● **Your task**:
Below are the records. Restate word for word every line from the one that contains "Fuchsia A-lijn halter" through the final line, both included.

● **Short web captions**:
──────────────────────────────

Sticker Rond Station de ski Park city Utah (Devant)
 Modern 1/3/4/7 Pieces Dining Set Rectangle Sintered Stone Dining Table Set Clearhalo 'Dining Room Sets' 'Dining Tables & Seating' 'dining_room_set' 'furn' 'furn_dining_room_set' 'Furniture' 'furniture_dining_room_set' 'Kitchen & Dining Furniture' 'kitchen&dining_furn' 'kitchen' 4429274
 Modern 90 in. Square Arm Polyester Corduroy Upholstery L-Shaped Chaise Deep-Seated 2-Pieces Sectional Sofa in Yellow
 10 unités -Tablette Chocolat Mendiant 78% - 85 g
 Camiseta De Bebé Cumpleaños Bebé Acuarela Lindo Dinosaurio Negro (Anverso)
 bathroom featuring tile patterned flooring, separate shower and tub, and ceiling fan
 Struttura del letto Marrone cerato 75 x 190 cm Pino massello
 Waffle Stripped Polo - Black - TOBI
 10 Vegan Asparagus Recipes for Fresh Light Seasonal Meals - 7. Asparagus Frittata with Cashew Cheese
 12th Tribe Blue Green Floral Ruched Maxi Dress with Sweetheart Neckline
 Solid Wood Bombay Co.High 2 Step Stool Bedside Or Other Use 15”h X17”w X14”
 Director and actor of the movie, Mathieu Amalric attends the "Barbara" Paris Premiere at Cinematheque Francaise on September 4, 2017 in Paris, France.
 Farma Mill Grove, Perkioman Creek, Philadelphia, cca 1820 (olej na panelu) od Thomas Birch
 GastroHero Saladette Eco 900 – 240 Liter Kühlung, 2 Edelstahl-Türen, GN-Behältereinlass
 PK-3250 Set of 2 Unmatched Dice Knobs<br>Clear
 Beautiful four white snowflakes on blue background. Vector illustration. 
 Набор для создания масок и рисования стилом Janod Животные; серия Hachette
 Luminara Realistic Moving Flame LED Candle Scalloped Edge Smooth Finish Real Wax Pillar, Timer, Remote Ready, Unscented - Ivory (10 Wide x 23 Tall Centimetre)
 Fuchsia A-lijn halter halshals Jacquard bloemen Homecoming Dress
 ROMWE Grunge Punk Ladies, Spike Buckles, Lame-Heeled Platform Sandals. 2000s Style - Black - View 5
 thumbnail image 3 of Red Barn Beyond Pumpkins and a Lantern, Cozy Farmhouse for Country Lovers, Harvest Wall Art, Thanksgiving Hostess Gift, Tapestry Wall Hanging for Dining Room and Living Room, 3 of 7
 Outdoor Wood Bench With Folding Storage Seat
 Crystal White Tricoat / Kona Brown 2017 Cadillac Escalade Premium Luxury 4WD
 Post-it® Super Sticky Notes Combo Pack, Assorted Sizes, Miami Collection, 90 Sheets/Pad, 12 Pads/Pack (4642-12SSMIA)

──────────────────────────────

● **Solved exercise**:
 Fuchsia A-lijn halter halshals Jacquard bloemen Homecoming Dress
 ROMWE Grunge Punk Ladies, Spike Buckles, Lame-Heeled Platform Sandals. 2000s Style - Black - View 5
 thumbnail image 3 of Red Barn Beyond Pumpkins and a Lantern, Cozy Farmhouse for Country Lovers, Harvest Wall Art, Thanksgiving Hostess Gift, Tapestry Wall Hanging for Dining Room and Living Room, 3 of 7
 Outdoor Wood Bench With Folding Storage Seat
 Crystal White Tricoat / Kona Brown 2017 Cadillac Escalade Premium Luxury 4WD
 Post-it® Super Sticky Notes Combo Pack, Assorted Sizes, Miami Collection, 90 Sheets/Pad, 12 Pads/Pack (4642-12SSMIA)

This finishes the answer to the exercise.